Of all the things Facebook does, the voter megaphone seems like the most harmless. Get-out-the-vote efforts, especially nonpartisan ones, are generally considered positive. But this isn’t the first election-related experiment the social network has conducted while developing the tool, Mother Jones reported last week. Before the 2012 presidential election, Facebook changed the streams of nearly 2 million American users so they would see more hard news stories at the top. The test was designed to see if your News Feed’s news balance influenced voter turnout. According to Mother Jones, it did.
“Our effort is neutral,” Facebook spokesman Michael Buckley told the New York Times. “While we encourage any and all candidates, groups, and voters to use our platform to engage on the elections, we as a company have not used our products in a way that attempts to influence how people vote.”

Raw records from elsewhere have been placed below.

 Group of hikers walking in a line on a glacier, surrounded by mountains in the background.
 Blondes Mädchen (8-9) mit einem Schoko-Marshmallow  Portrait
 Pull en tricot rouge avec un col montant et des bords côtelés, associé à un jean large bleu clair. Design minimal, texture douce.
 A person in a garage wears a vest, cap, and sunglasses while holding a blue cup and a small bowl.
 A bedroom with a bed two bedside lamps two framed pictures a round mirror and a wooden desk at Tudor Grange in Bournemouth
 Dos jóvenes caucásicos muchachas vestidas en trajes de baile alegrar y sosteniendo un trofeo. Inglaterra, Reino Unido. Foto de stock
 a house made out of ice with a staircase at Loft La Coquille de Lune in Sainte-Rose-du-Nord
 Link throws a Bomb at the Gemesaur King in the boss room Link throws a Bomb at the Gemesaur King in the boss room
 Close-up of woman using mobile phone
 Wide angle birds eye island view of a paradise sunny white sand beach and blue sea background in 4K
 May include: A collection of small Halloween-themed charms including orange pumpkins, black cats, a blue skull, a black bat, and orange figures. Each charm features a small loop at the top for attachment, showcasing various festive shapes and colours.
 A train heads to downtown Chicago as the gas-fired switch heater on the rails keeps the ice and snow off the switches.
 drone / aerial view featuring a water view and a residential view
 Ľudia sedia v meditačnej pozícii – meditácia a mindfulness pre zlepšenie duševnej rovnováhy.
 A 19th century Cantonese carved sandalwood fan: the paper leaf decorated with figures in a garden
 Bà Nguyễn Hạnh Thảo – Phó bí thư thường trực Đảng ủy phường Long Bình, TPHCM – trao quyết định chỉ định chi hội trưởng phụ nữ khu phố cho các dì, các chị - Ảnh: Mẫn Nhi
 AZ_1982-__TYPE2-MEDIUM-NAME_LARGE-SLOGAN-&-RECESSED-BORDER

The network put voter buttons at the top of some News Feeds on Election Day 2012, but the experiment was haphazard. The megaphone appeared on your News Feed at different times during the day, so you may have missed it. Some people didn’t get the button in their feed at all due to software glitches. But this year, everyone should see the voter megaphone. And if 9 million people used the tool to tell people they voted in 2012, even with all its problems, then Tuesday’s election should see much higher participation.
Why this matters: Facebook has proved it has some influence over what you do and how you feel, just by elevating certain types of posts or demoting others. If the network’s data on the voter megaphone’s influence this Election Day shows that people feel compelled to vote based on their friends’ behavior, Facebook could become an essential tool for democracy—which is a little unsettling.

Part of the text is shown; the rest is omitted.